You have a right to browse Websites. You have a right to use whatever user-agent you want.
And likewise, I have a right to send those Set-Cookie headers. You can honor them or not.
Despite your completely arbitrary assertion, there is nothing unethical about keeping logs of activity sent to ones own server, or requesting -- not even forcing, but politely asking via a Set-Cookie header -- that a customer identify themselves with a unique token. It is ethical because it is completely voluntary. If you don't want the tracking, don't send the Cookie header in your request. It's really as simple as that.
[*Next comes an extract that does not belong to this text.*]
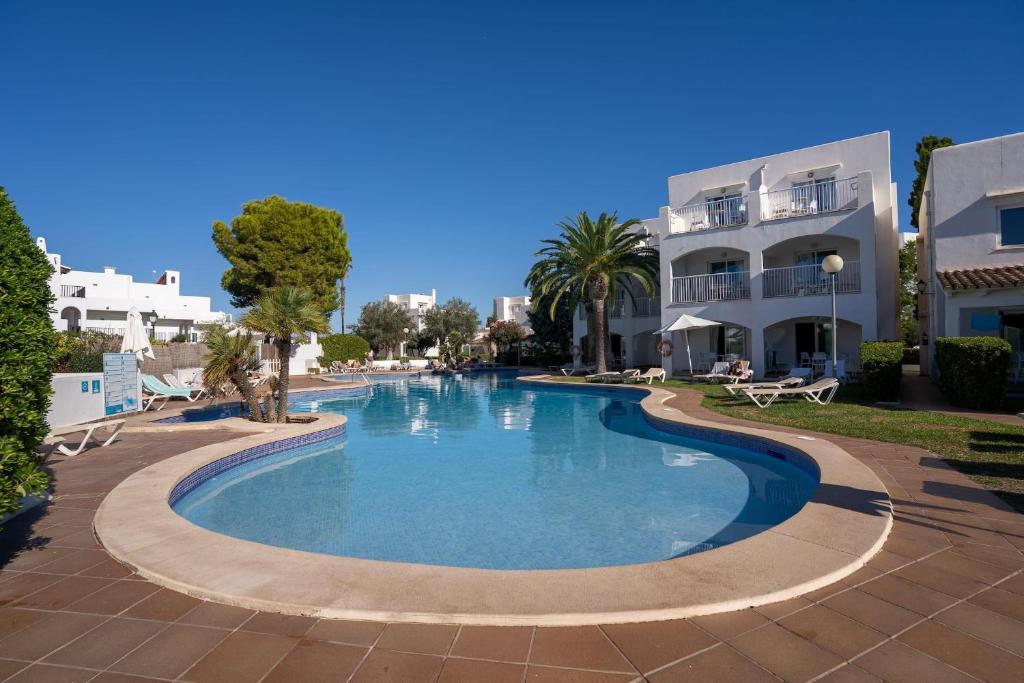 a swimming pool in front of a building at BLUESEA Ses Cases d'Or in Cala d´Or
You are not seeing the big picture. Your technical understanding of the WWW is not completely wrong, but it is pretty outdated. The tracking mechanisms we're starting to see are going FAR beyond just cookies. But, even that is not the real problem. The real problem is that this data, especially when combined from many sources, provides an almost complete trace of our lives. The profit comes at the detriment of our privacy, one of the greatest things we have in the USA. We may very well see the unraveling of our republic in pursuit of profit. Things can, and very well might, get Orwellian very fast.
It's not just one small piece of the picture that is unethical, nor am I somehow philosophically totally opposed to keeping records. It's the vast amount of data companies are harvesting and keeping that is unethical. It's the sharing of all this data without true user consent that is unethical. It's the unreadable and tricky TOSes buried in every website that are unethical. It's the preservation of this data probably forever that is unethical. It is the wanton carelessness with which this data is stored, transmitted and shared that is unethical. It's the government getting their grubby hands on this data to then also store it forever that is unethical (in this case, pretty much illegal). This information is our very lives. It deserves dignity, because that is what American is supposed to stand for: the dignity of the individual. Because, that is what is right and ethical. And, to believe that we can't fix this with regulations is to believe that we are a limp-wristed and ineffectual nation. To believe that this is the only way we can have the internet is to be too lazy to solve the really challenging problems of our time. To let our ancestors and descendants down. Tackling the hard societal problems is what we are called to do in a democracy. To just waive our hands and say "it's impossible" is to surrender.